Nice weather in Durham today, and looks like that for the weekend. Storm season, but that was not the reason the station was off the air for a while Wednesday night, a power fialure on campus and the generator did not start (again). By the time I got over, it was running and we just had to bring stuff up again. Seems like we had had this problem before…
Of course our transmitter site does not have a generator, and that’s interrupted my evenings as well. Enough tech talk…
Check out the current playlist for what’s on the air this weekend, and scroll down for earlier playlists as well. It would be my goal to post these under the previous playlist page, but just can’t seem to find the time to get it done.
Anyway a better use of my time is digging through my library to find music that either hasn’t been played in as while, or stuff I’ve never played to put on the air today.
Sidney Joe Qualls has a real Al Green flavor to his music, sounds Southern (he’s from Ark) but recorded in Chicago. “How can you say goodbye” is a gem from one of his superlative albums.
I don’t believe I’ve played “Doggone Right” from 1969, even though it was top ten.
By the way, our fall fundraiser is coming up in October, please comment back to me with anything you think would make a good donor premium in the way of CDs of books.
Hour #2-Dux Femina Facti (Virgil’s Aeneid…) A Woman was the leader of the deed, in reference to Carole King, songwriter and singer, our offerings starting out the hour “Locomotion” from Little Eva which she wrote and “It might as well rain until September”, which she recorded as a demo, and then released it as a single. Another tune of her’s we play is “Oh Neil”, an answer to “Oh Carol” by Neil Sedaka. Worth a listen…

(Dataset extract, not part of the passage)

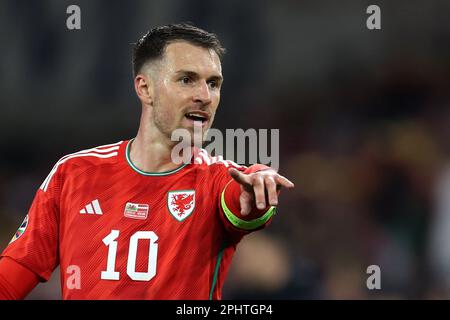 Cardiff, Großbritannien. 28. März 2023. Aaron Ramsey von Wales schaut zu. Wales gegen Lettland, UEFA Euro 2024 Qualifier International Group D im Cardiff City Stadium in Cardiff, Südwales, am Dienstag, den 28. März 2023. Nur redaktionelle Verwendung. Bild von Andrew Orchard/Andrew Orchard Sportfotografie/Alamy Live News Credit: Andrew Orchard Sportfotografie/Alamy Live News Stockfoto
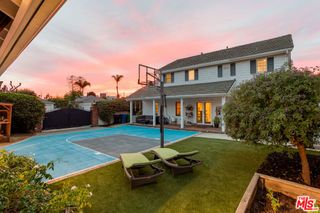 8426 Flight Avenue, Los Angeles, CA 90045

I enjoy digging into the novelty records of the era, particularly those that poke fun at the music. So this time around it’s Stan Freberg and “Old Payola Roll Blues part 1”. Part 2 get rather pedantic, and my copy of it isn’t very good sounding anyway. Both sides of Arbogast and Ross’s “Chaos” are worth playing, though some of it might be a little offensive (like shooting the engineer, the drunk driving traffic reporter and the parody of the recently deceased Richie Valen’s hit “Oh Donna” that get rehashed as the “new hit” through the record). But nevertheless it hits home to what Top 40 Radio was like, enough to get it banned from radio airplay.